◆ **PROBLEM REQUIREMENTS**
An exact copy of the lines from the one containing "LinkedIn Touchpoints" through the last line below is required; include both of those lines and no others.

+ + + +

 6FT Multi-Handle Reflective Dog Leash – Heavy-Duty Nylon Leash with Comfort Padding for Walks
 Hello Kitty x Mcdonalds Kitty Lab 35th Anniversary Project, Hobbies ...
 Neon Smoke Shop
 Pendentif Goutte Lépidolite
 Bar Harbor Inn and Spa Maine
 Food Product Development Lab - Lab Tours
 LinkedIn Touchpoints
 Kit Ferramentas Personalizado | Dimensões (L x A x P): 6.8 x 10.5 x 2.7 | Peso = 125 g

+ + + +

◆ **EXERCISE RESULT**
 LinkedIn Touchpoints
 Kit Ferramentas Personalizado | Dimensões (L x A x P): 6.8 x 10.5 x 2.7 | Peso = 125 g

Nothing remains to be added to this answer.